Y si nena, como no se te va hacer un sueño si tu vida ha sido y es una utopía, ¿no te has dado cuenta todavía? Que los sueños, sueños son.
Aún recuerdo el momento aquel que como brazas atizando el desliz de un dedo por el cuello, entramábase una hoguera y una danza asentada. Así de un cuerpo, un suspiro dábase.
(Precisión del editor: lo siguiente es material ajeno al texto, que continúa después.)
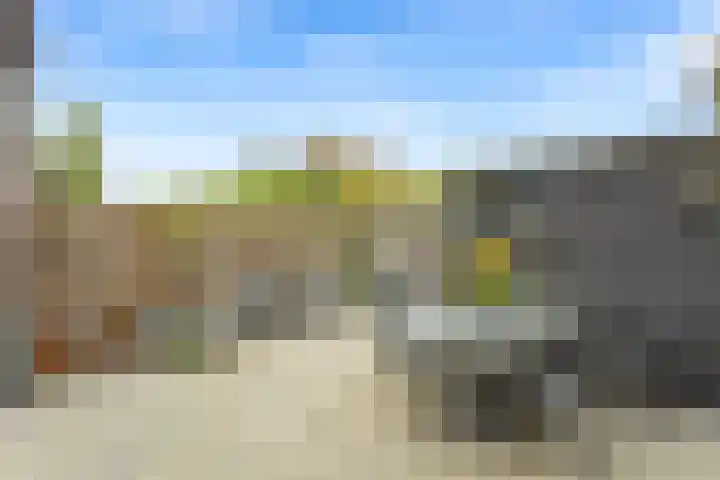 Linnaeuslaan 9 Oudenbosch thumbnail 22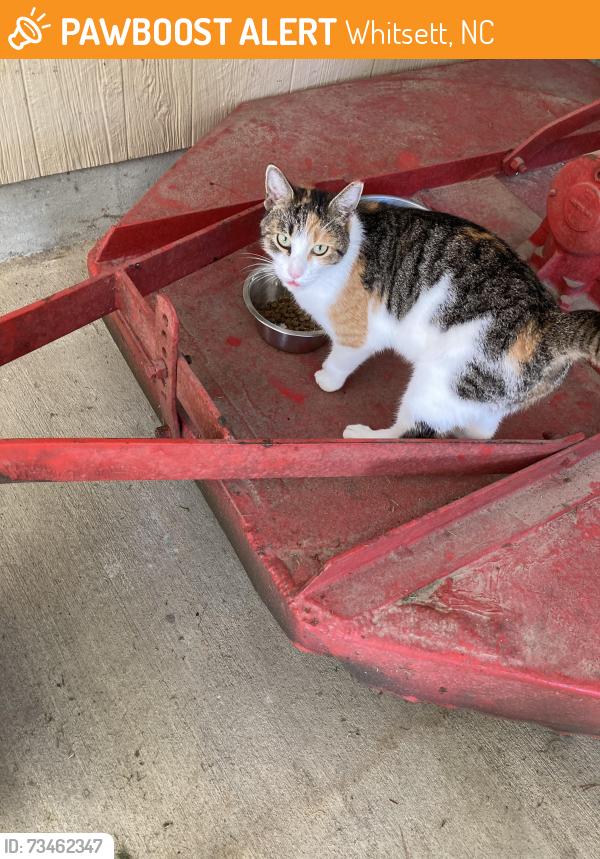 Found/Stray Female Cat last seen Highway 61, near intersection with Herron Rd., Whitsett, NC 27249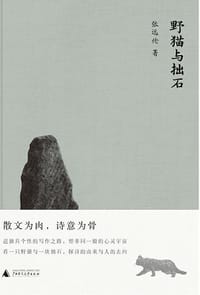 野猫与拙石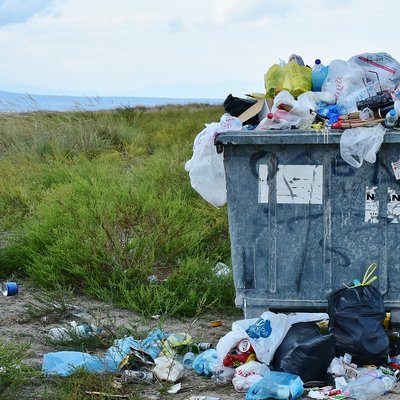 immagine contenuta nella pagina: emergenze ambientali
Pero vos no podías con tu condición, era mayor que vos: muñeco de trapo, un juguete; entre conducta caprichosa y sensatez irreverente un títere, en tus manos era.
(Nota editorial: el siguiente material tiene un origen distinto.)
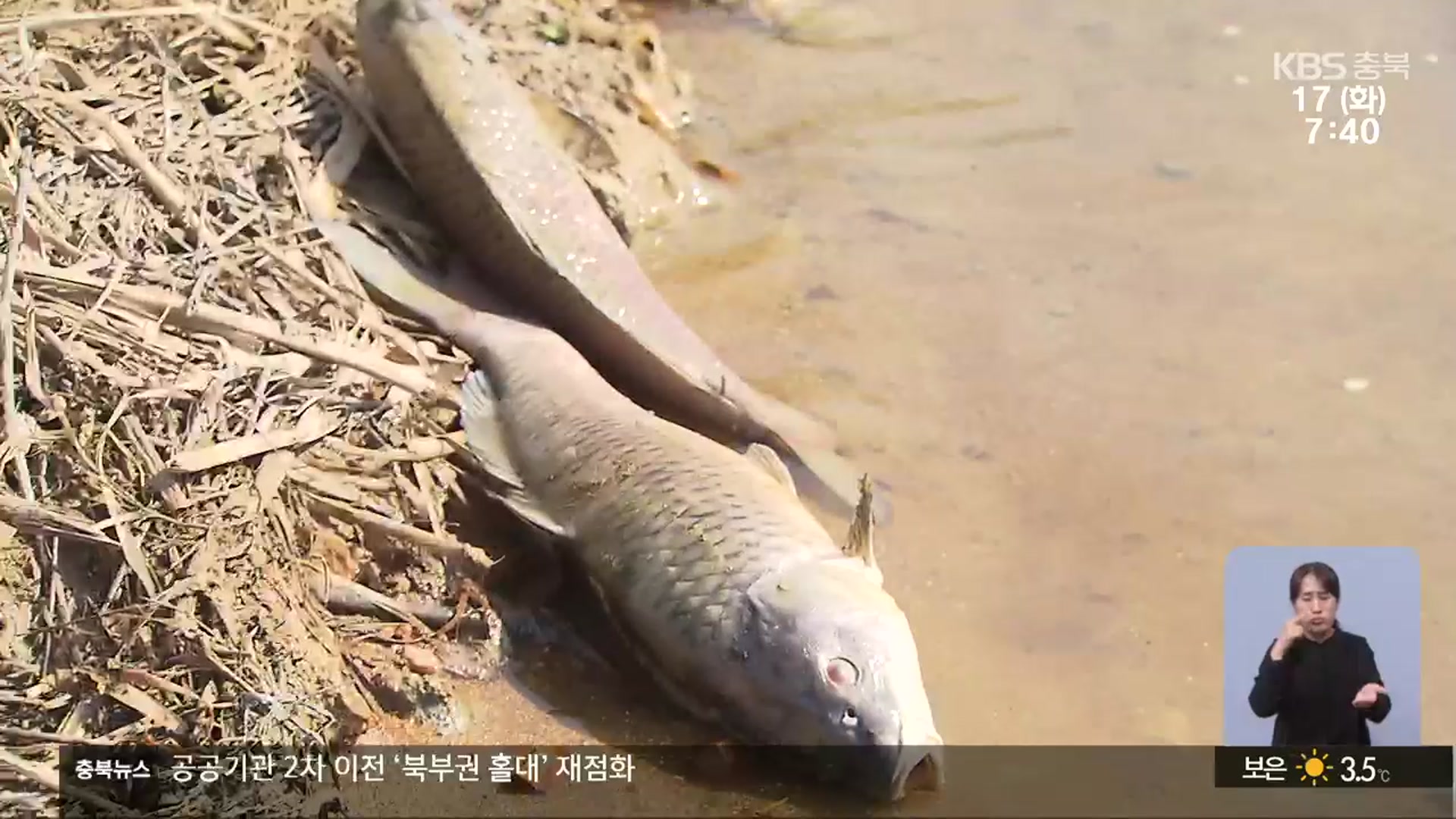충북 진천서 물고기 집단 폐사…“기준치 이상 오염물질 유입”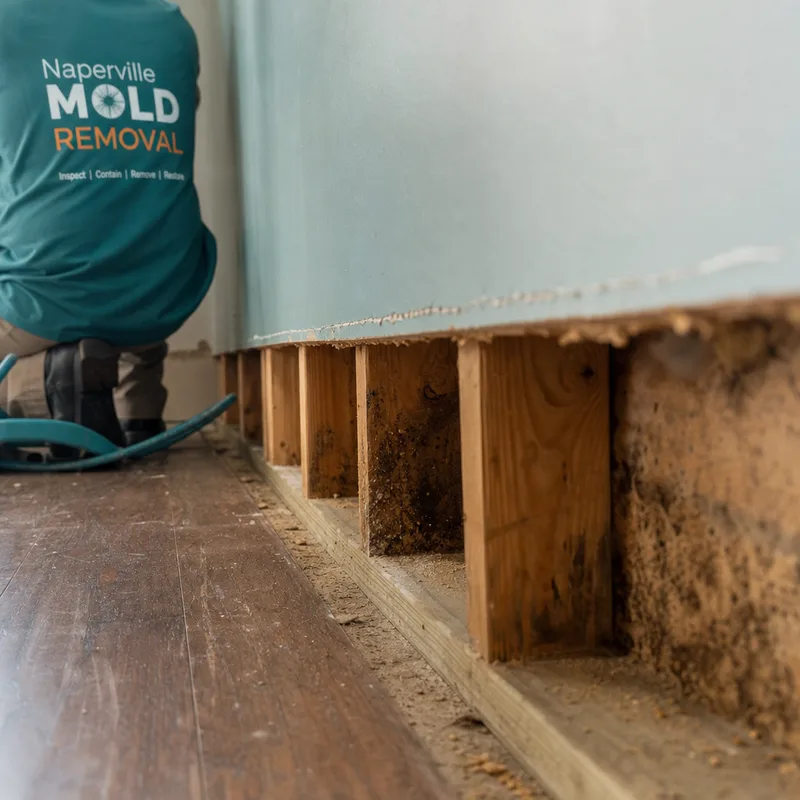 Baseboard removed and drywall cut in a controlled strip to expose a wall cavity for drying after a leak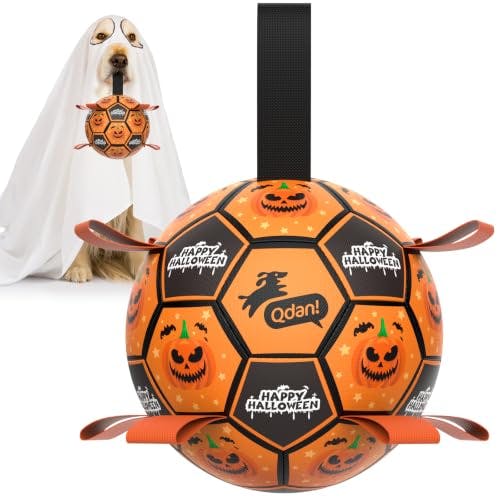 Halloween Dog Soccer Ball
Y todavía pretendes creer en eso de “ser un poco de mí, consolándote con escuchar cada día mi voz”. No te has dado cuenta que lo nuestro ya paso.
Mira, cual ventisca que acuna la duna, movilizabas mi ser tal como acuñando, un alma infrecuente; vos eras como decir.. una mujer con fuego en las entrañas, ardiente, viciosa, consentida. Eso.
Como un cielo límpido, claro, así tus ojos azules y penetrantes.
Aún recuerdo cuando os decía bella dama que la luna palidecía ante vuestro transitar.
Ante vuestra sutileza cual la brisa del nordeste rendido caía ante vos. O acaso las mariposas no os había dicho de mi sentir.
Cuando quinceañeros, en un instante fugaz tu cara se había llegado a trocar en un poema indescifrable. Aún recuerdo con delicadeza cuando deposité un beso sobre tu mejilla haciéndote ruborizar tiempo en el cual, tu boca se convertía en una mueca de asombro. Sentiste un latigazo. Fue la circunstancia en que te sonrojaste bajando los ojos gesto que, te dejó sin habla.
Pero tu carácter nena. Tu carácter. Incidosa, gruñona, inquisitiva con un genio de mil volcanes, tu expresivividad manifestase a los cuatro vientos del averno.
Quieres saber si duermo en paz y saber que me tienes a mí en tus sueños..... Luego de lo que pasó, no nena, ya no más, maniquí de tus caprichos de nena malcriada. O te olvidaste de aquel día en que coqueteabas con igual pasión expulsándome como si fuere un ocasional amante una vez su cometido cumplido; extraías mi esencia desechándolo. ¿ta?